Dataset excerpts:
BEGIN
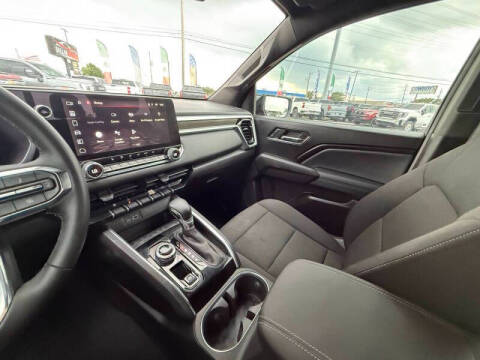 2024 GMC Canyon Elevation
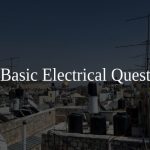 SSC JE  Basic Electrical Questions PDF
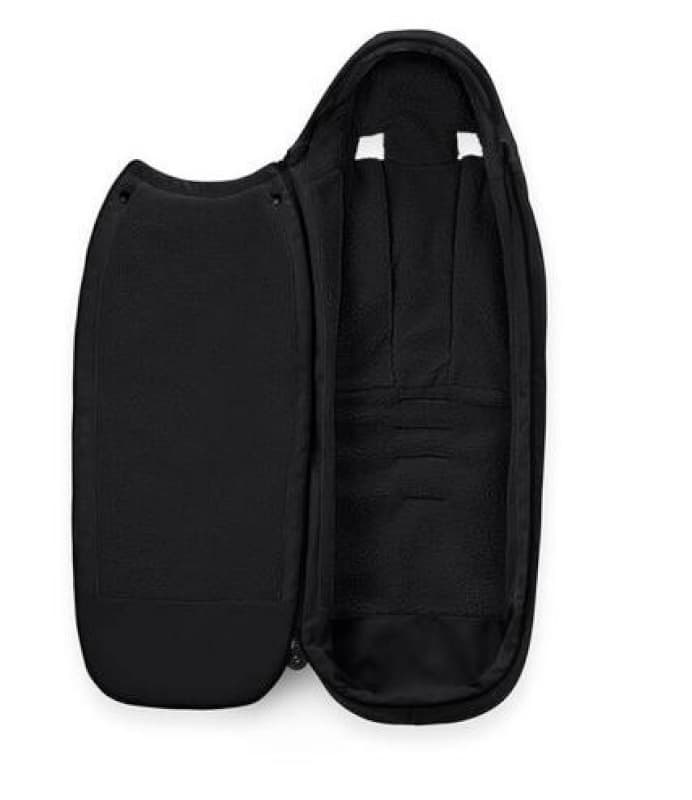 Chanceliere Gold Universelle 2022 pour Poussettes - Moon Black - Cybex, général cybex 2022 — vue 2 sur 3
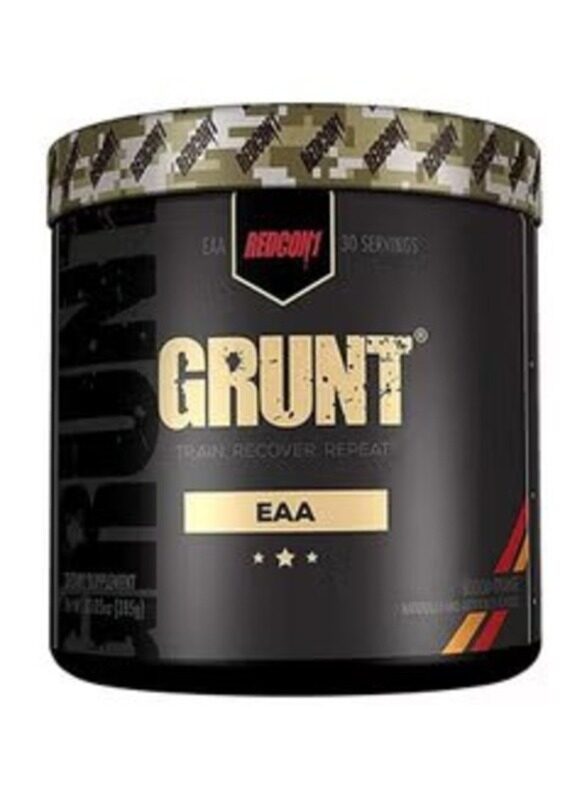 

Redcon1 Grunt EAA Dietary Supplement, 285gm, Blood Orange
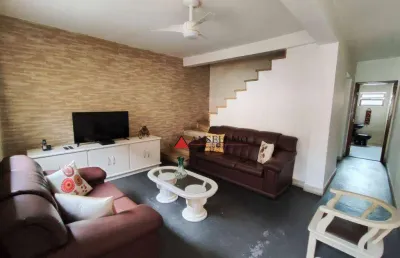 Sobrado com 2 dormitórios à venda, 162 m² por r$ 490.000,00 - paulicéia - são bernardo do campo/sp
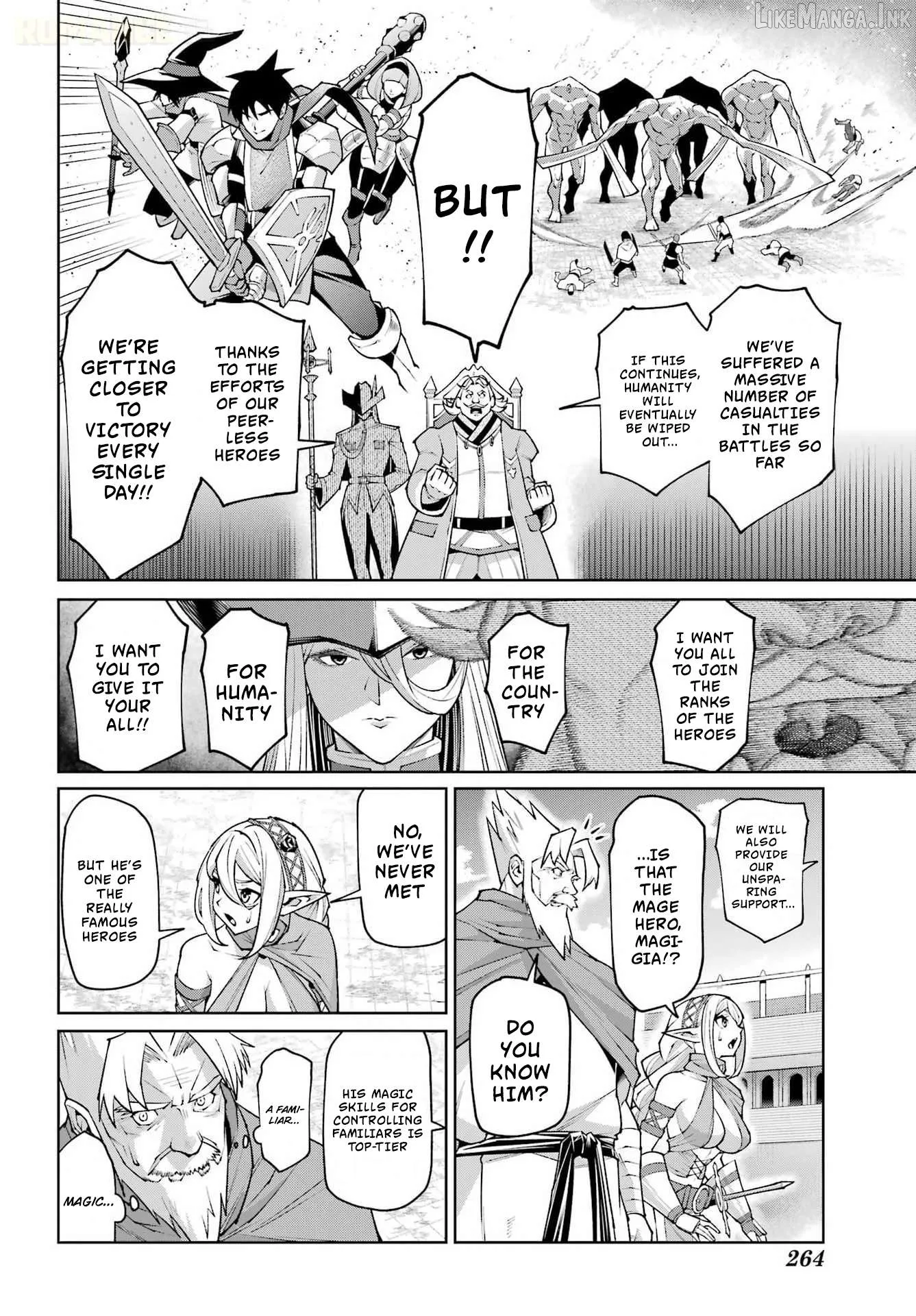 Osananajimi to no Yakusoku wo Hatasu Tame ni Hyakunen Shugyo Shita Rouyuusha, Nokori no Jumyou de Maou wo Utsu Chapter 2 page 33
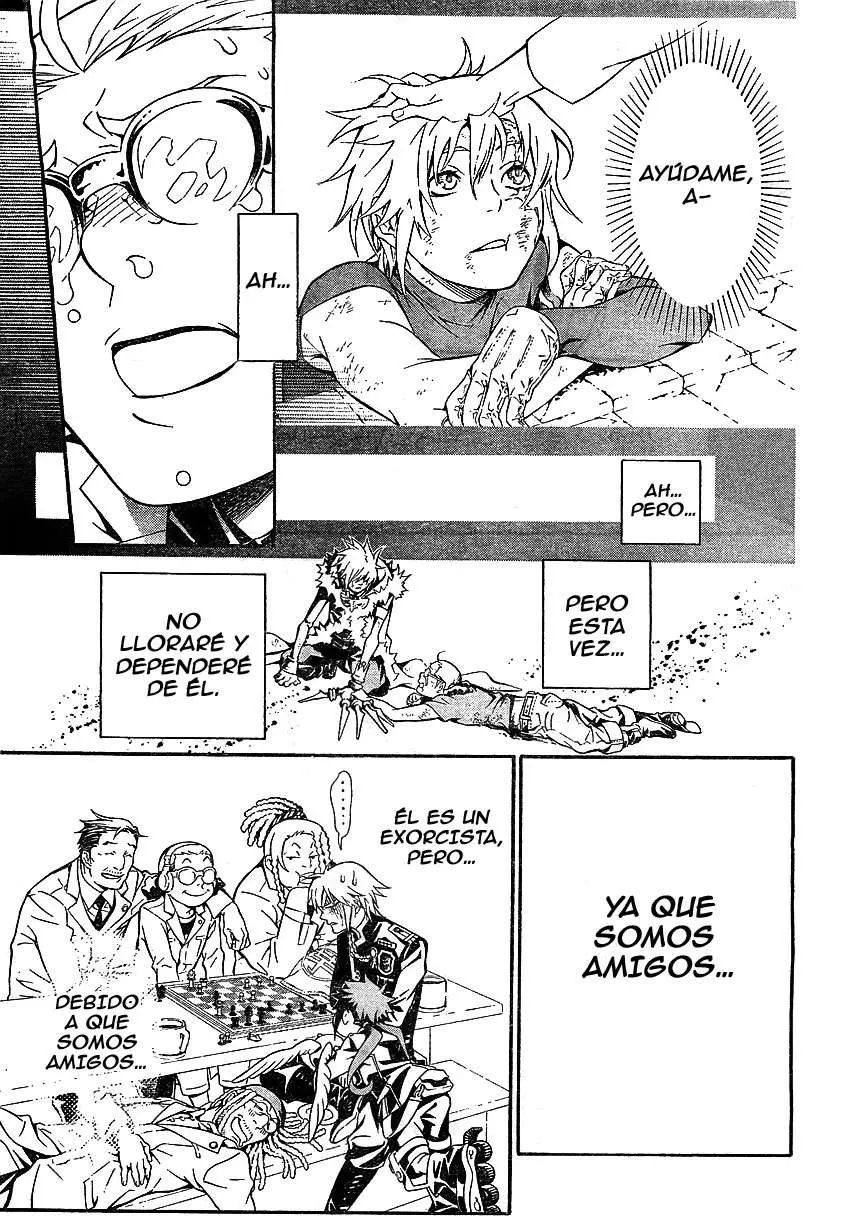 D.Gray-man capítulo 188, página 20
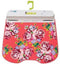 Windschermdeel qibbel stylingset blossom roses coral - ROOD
END
TASK DETAILS
Above are the records. Copy only the lines from the one with "Electrical Questions PDF" through the one with "D.Gray-man capítulo 188, página 20", exactly, with no pictures.

ANSWER
 SSC JE  Basic Electrical Questions PDF
 Chanceliere Gold Universelle 2022 pour Poussettes - Moon Black - Cybex, général cybex 2022 — vue 2 sur 3

Redcon1 Grunt EAA Dietary Supplement, 285gm, Blood Orange
 Sobrado com 2 dormitórios à venda, 162 m² por r$ 490.000,00 - paulicéia - são bernardo do campo/sp
 Osananajimi to no Yakusoku wo Hatasu Tame ni Hyakunen Shugyo Shita Rouyuusha, Nokori no Jumyou de Maou wo Utsu Chapter 2 page 33
 D.Gray-man capítulo 188, página 20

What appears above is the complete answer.